**Scraped caption text data**
____________
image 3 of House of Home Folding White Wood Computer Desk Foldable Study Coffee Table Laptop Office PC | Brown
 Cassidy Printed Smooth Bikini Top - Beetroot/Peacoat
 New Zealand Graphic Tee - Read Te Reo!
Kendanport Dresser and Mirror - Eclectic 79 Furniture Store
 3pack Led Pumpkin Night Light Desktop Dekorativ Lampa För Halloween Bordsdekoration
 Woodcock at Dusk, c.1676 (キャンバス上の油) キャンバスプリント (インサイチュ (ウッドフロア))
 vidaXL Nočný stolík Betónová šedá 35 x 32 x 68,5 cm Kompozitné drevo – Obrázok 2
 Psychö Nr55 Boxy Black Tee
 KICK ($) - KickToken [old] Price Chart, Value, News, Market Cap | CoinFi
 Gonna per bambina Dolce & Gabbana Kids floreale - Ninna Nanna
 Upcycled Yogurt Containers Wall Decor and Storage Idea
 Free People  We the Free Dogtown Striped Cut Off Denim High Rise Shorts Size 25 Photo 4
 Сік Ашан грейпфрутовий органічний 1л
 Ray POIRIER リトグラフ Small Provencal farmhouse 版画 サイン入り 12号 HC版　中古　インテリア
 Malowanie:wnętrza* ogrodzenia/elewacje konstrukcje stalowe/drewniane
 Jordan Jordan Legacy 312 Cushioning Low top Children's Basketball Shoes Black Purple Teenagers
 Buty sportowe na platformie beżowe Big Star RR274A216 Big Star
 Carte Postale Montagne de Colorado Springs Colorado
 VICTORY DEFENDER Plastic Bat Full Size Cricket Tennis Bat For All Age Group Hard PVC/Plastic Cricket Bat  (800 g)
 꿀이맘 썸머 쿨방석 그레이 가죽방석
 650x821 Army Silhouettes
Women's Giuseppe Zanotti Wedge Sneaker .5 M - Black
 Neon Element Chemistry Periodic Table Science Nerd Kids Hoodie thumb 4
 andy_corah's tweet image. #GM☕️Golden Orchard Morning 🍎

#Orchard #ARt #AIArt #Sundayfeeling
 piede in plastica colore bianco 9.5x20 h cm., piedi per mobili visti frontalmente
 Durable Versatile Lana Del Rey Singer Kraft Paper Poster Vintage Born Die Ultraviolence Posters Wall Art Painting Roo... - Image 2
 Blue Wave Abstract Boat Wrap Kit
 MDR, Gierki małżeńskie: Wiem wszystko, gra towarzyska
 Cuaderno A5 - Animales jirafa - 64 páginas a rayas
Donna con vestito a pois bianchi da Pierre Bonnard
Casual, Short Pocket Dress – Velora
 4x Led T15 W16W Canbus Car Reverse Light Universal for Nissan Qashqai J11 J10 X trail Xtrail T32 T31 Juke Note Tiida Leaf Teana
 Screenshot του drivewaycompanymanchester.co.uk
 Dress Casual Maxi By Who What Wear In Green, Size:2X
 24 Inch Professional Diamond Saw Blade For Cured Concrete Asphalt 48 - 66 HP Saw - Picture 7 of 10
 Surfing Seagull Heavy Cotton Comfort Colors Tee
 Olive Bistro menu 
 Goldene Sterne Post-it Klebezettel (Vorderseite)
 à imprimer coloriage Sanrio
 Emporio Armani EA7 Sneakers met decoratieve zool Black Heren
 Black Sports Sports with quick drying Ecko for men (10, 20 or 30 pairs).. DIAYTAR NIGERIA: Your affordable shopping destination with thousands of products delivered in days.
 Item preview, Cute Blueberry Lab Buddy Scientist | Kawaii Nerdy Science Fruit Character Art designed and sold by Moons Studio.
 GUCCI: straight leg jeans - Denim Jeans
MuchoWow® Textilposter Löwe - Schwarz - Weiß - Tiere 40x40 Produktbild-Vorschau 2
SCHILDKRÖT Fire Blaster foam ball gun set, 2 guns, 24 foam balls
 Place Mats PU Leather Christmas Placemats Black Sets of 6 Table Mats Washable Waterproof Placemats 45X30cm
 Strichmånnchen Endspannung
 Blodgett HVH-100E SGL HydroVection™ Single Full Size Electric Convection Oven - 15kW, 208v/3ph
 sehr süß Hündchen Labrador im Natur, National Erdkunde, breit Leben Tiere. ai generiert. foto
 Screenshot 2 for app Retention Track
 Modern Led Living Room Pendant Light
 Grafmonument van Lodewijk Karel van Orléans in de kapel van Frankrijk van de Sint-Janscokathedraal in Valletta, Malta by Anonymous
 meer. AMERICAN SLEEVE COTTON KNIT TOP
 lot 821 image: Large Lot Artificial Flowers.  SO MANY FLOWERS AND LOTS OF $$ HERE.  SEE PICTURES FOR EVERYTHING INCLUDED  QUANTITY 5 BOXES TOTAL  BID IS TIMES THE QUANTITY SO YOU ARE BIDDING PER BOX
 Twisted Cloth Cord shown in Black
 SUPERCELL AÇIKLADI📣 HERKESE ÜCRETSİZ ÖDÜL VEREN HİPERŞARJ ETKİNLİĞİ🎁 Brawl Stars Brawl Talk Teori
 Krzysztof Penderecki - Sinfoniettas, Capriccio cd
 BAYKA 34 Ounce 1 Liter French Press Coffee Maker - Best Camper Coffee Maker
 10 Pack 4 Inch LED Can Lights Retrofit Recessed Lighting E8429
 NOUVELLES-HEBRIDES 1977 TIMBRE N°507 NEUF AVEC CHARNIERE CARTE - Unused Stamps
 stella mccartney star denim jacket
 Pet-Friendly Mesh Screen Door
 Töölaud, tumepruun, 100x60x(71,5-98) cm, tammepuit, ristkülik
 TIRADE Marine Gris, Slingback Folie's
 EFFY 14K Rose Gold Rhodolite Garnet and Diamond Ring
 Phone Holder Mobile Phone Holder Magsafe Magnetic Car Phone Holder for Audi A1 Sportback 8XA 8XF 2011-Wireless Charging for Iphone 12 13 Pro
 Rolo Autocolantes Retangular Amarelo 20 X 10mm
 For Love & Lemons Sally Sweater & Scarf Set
____________
**To do**
Each line that includes the string "Science" should be copied from the data.

**Solution to this task**
 Neon Element Chemistry Periodic Table Science Nerd Kids Hoodie thumb 4
 Item preview, Cute Blueberry Lab Buddy Scientist | Kawaii Nerdy Science Fruit Character Art designed and sold by Moons Studio.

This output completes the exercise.